> Your task
Exactly the lines from the one containing "Hulaifah Vest - Butter Yellow" through the end of the data, and nothing more, should be retyped; pictures stay out.

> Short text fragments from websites
- - -

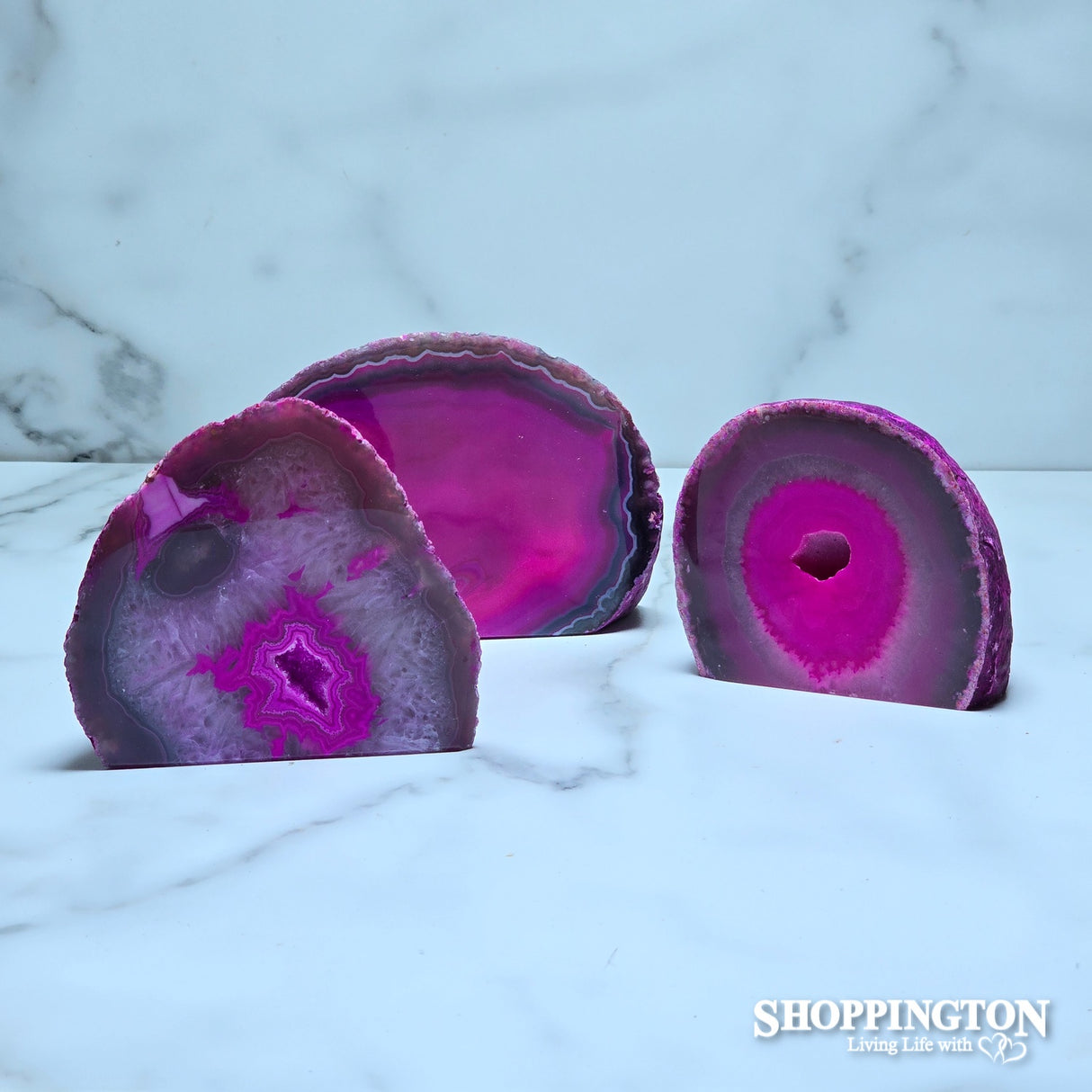 Z Range - Agate Geode - Pink (XLarge)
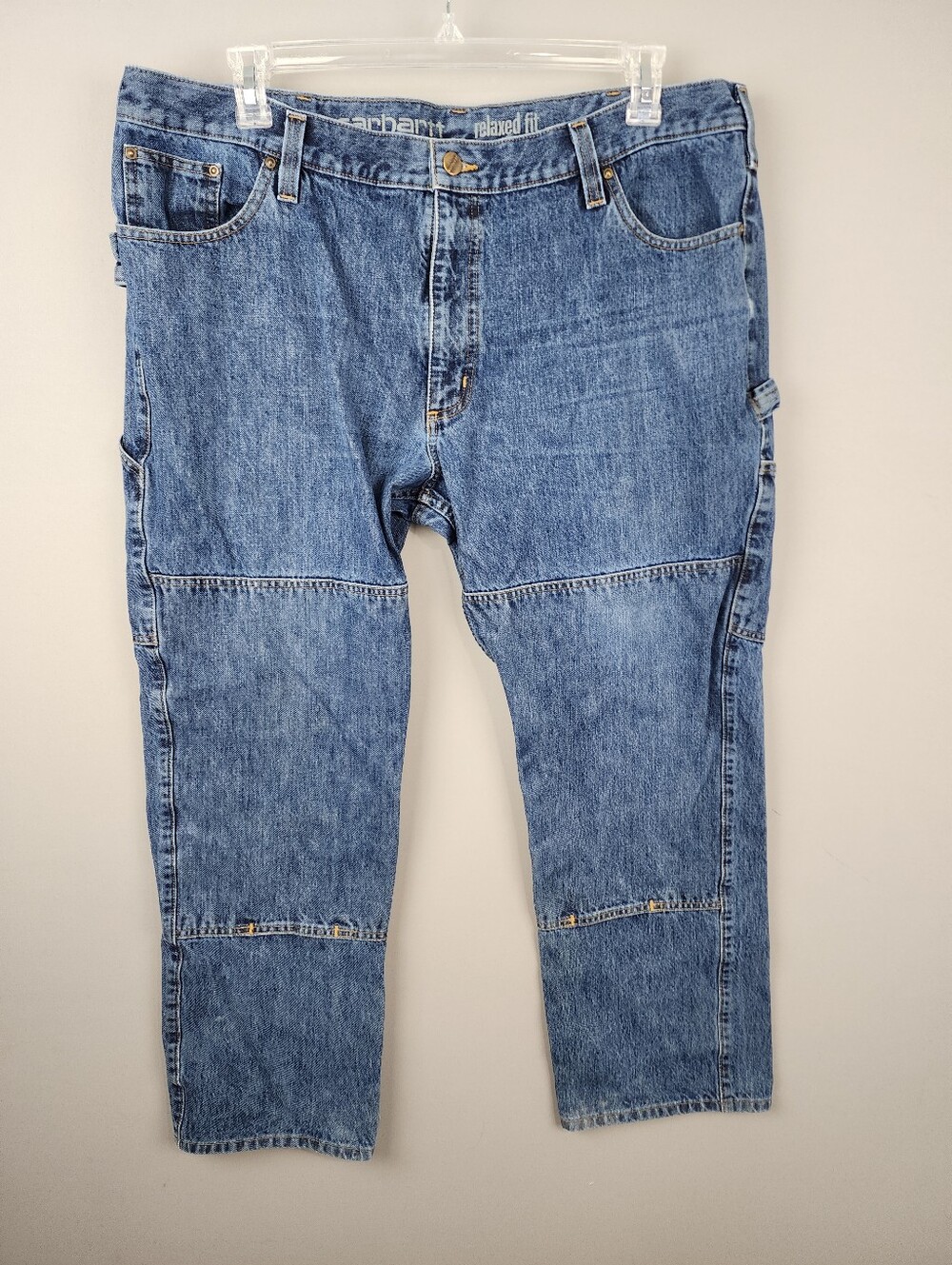 Carhartt Relaxed Fit Jeans - Rugged FLEX Utility Double Front Sz 40/30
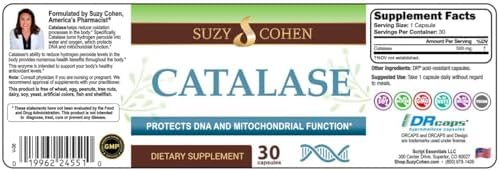 Authentic Script Essentials Catalase USA imported health supplement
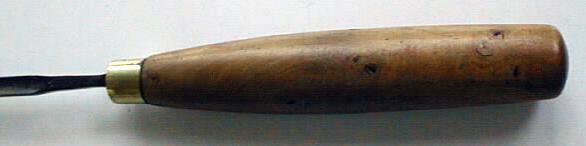 Antique Gouge Chisel 19th Century English 9/32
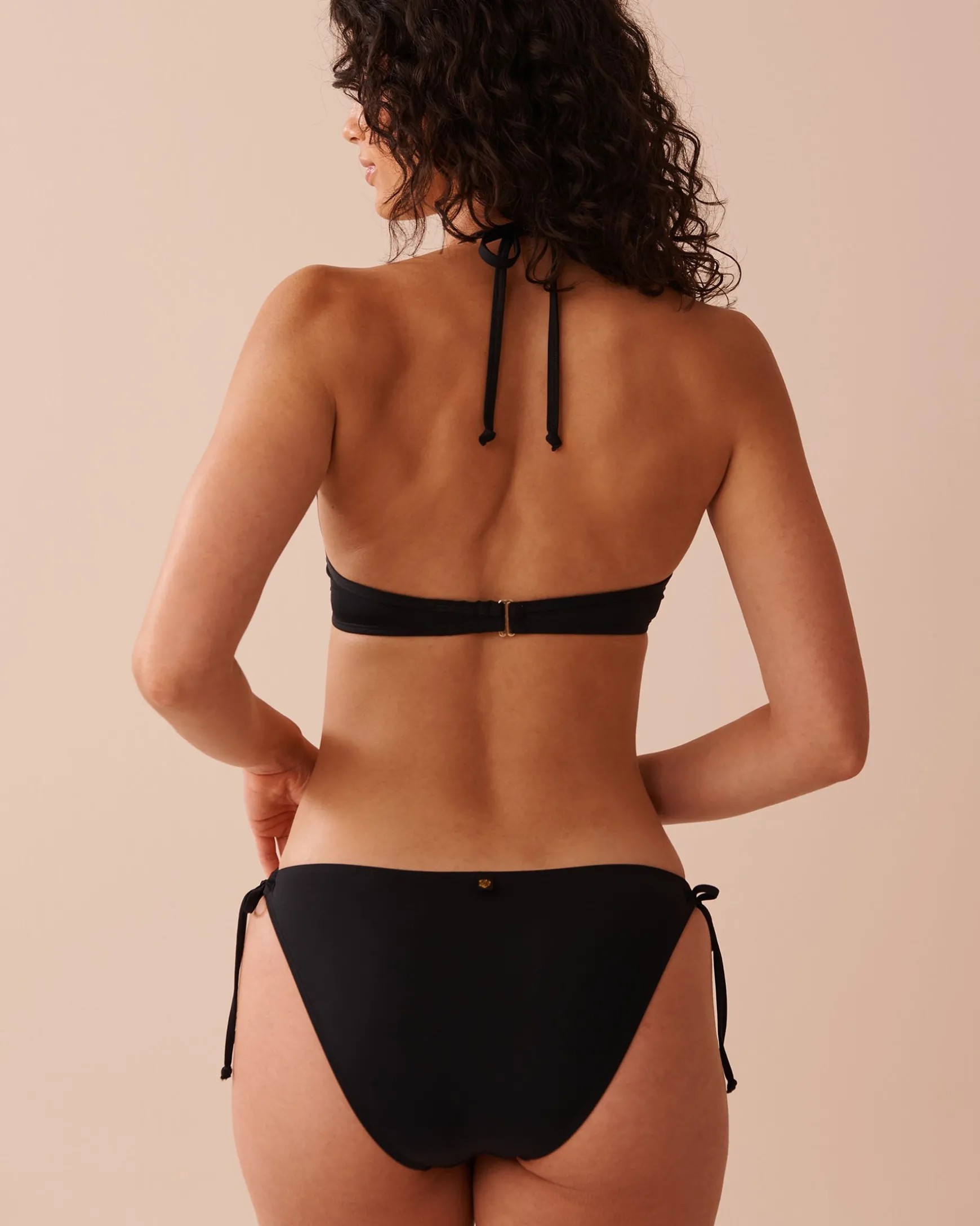 BLACK Push-up Bikini Top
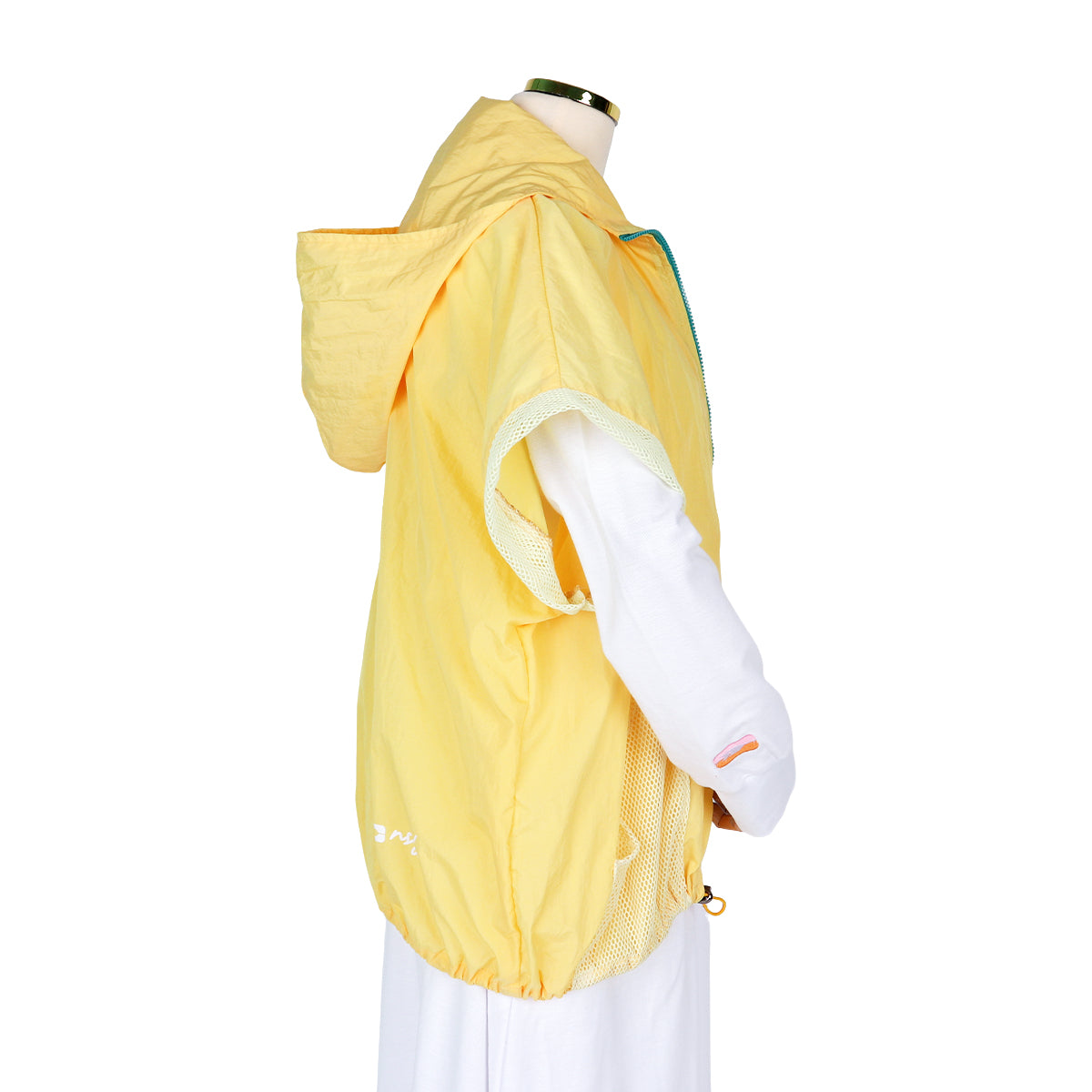 Hulaifah Vest - Butter Yellow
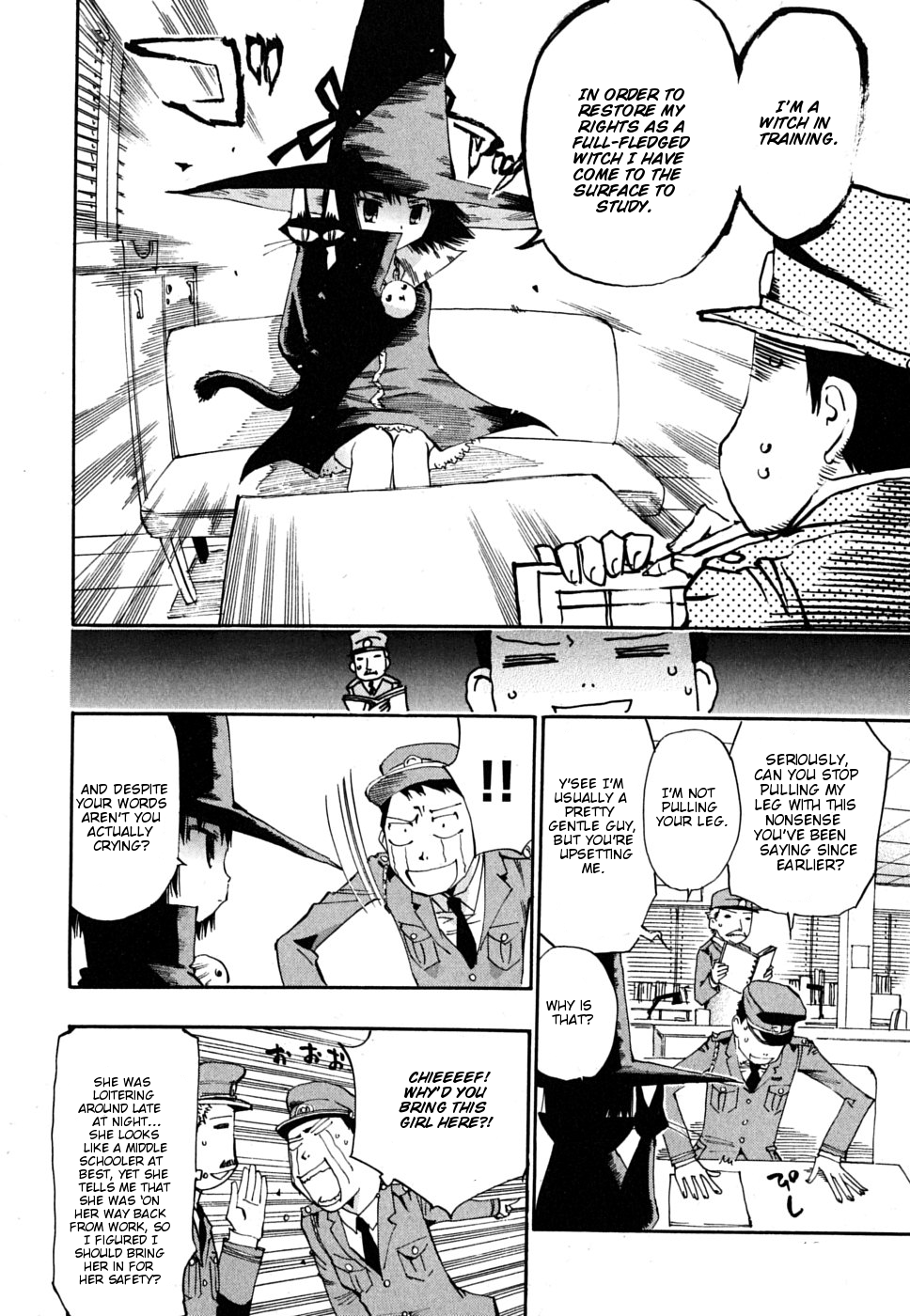 Majimoji Rurumo Chapter 8.2 page 3 - Chapter 8 v2 : 8th Spell - Rurumo Captured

- - -

> Answer to this exercise
 Hulaifah Vest - Butter Yellow
 Majimoji Rurumo Chapter 8.2 page 3 - Chapter 8 v2 : 8th Spell - Rurumo Captured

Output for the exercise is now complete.